*Try it:* Exclude all pictures, and reproduce exactly the lines from the one containing "Swing Ting - Sara Lugo & Jazzrausch Bigband" through the end of the records, with nothing else added.

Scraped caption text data
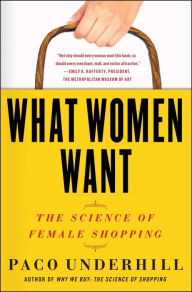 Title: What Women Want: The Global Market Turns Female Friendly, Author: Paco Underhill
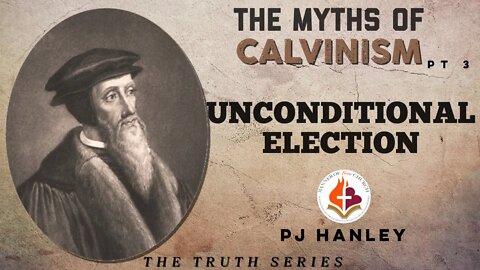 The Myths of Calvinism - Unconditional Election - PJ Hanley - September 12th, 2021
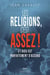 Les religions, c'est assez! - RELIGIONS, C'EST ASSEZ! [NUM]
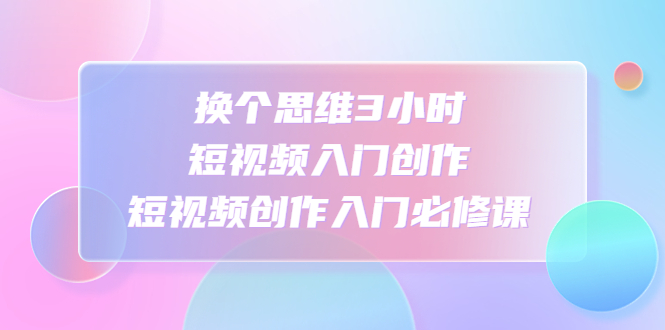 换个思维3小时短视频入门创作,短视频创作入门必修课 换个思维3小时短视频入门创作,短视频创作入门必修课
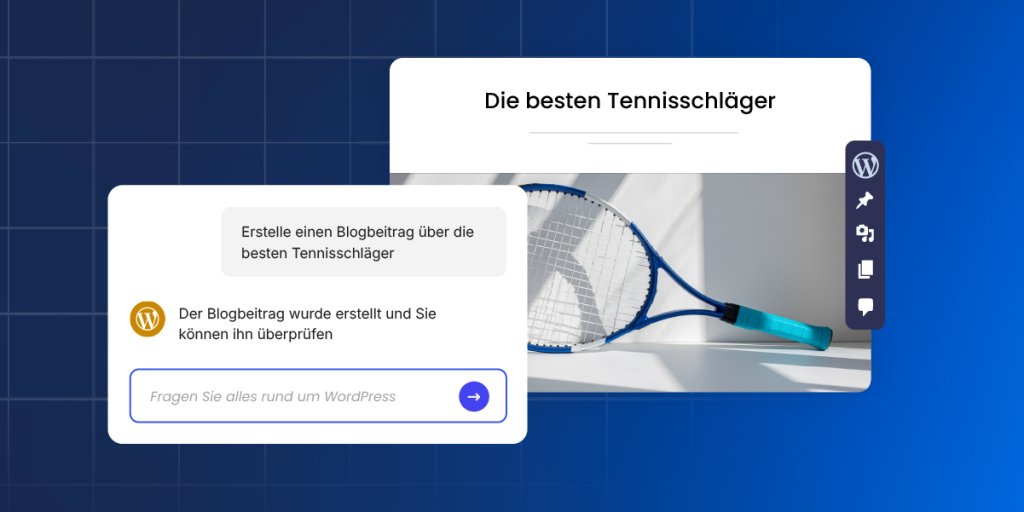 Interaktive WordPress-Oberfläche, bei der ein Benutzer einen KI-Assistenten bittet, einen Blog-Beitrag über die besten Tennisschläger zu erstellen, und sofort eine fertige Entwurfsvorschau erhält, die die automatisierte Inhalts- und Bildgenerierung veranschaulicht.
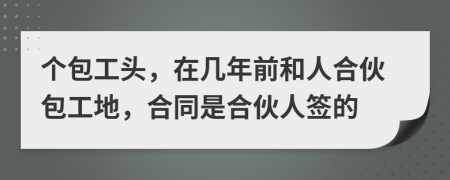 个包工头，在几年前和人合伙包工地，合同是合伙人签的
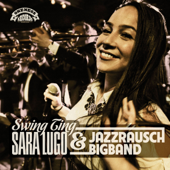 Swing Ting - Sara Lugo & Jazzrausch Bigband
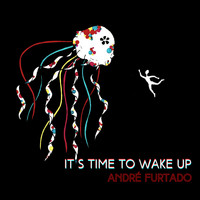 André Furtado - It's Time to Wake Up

*Task solution:*
 Swing Ting - Sara Lugo & Jazzrausch Bigband
 André Furtado - It's Time to Wake Up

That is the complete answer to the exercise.